- Born: Oecusse, East Timor
- Occupation: Pilot
- Known for: First female pilot in Timor Leste

= Cristina Amaral =

Pilot in East Timor

Cristina Amaral is the first female pilot in East Timor (Timor-Leste), a country with less than 1.5 million people. She graduated from pilot training in 2015 and became a commercial pilot in 2018.

==Early life==
Amaral grew up in the village of Costa in Oecusse, which, although part of East Timor, is an enclave entirely surrounded by the sea and the land of West Timor, which is part of Indonesia. She was the eldest of five children and had to balance responsibilities to help at home with her wish to perform well at school. Fortunately, she had a lot of support from her parents to pursue her education.

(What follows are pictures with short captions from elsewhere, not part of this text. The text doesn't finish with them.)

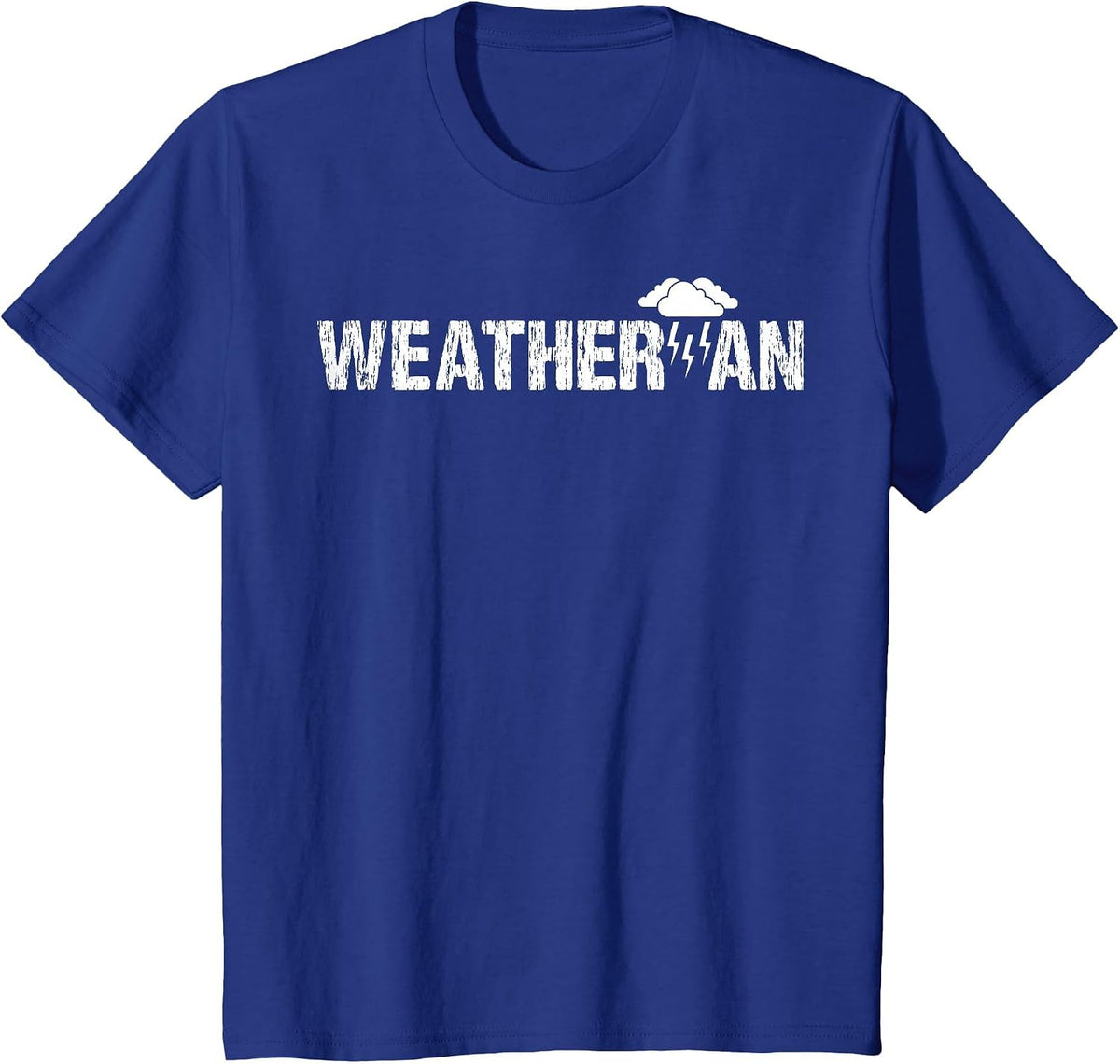 Weatherman Meteorologist Lazy Halloween Costume Kids Toddler T-Shirt - Royal Blue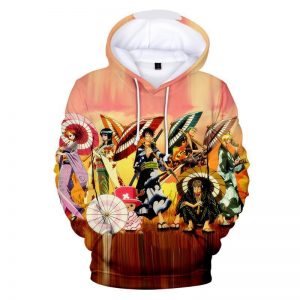One Piece Luffy Hoodies - Anime 3D Men's Hooded Sweatshirt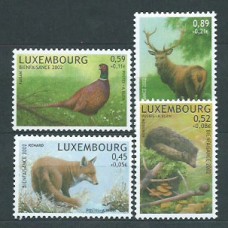 Luxemburgo - Correo 2002 Yvert 1542/5 ** Mnh Fauna.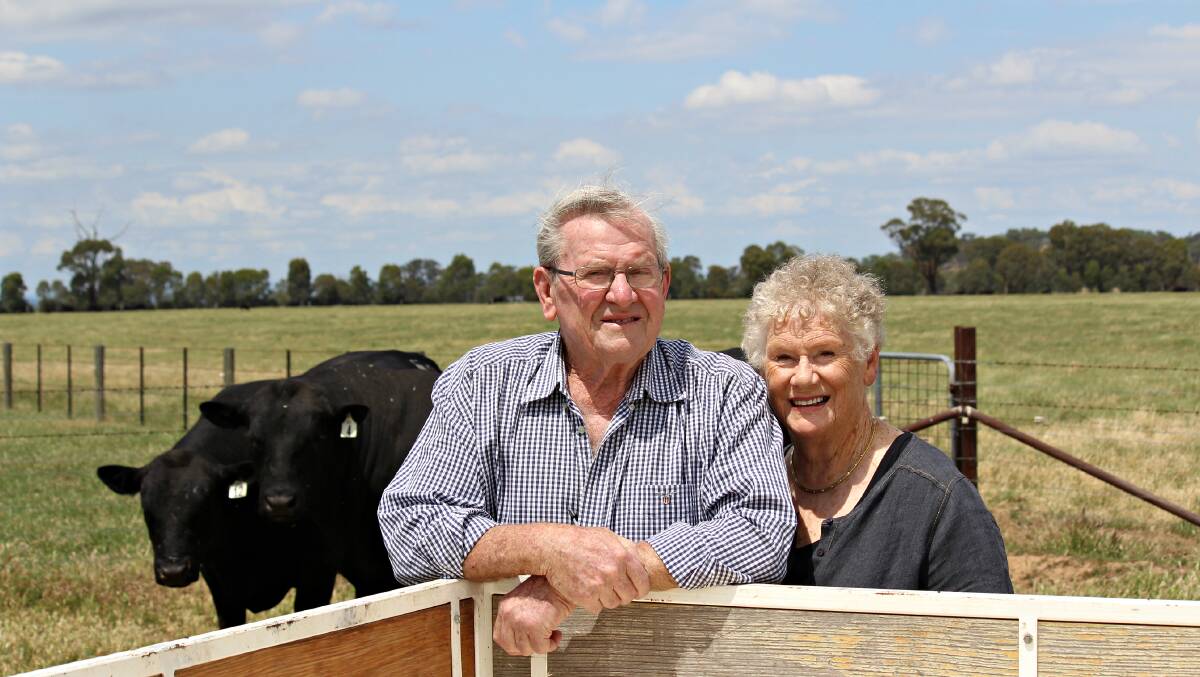 RETIREMENT TIME: John and Joan Woodruff are dispersing their renowned Witherswood Angus stud.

==Training and career beginning==
After leaving school she found the opportunity to pursue a pilot training programme through a government scholarship. Performing well in the application process, she obtained a full scholarship. However, she encountered difficulties as the flight course was given in English, and was forced to move to Jakarta, Indonesia to complete her training in a language she could better understand. She graduated in 2015, to become East Timor's first female pilot but stayed in Indonesia for a further two years, working as a flight instructor.

In April 2018 she joined Aero Dili, a small airline with just two small Cessna planes that does charter flights in East Timor. Such services are very much required in the mountainous country, where the roads are few and poor.

==Awards and honours==
- In 2015 Amaral was one of 47 "Women of Achievement" celebrated by UN Women on the 20th anniversary of the Beijing Declaration, which had been issued at the World Conference on Women, 1995.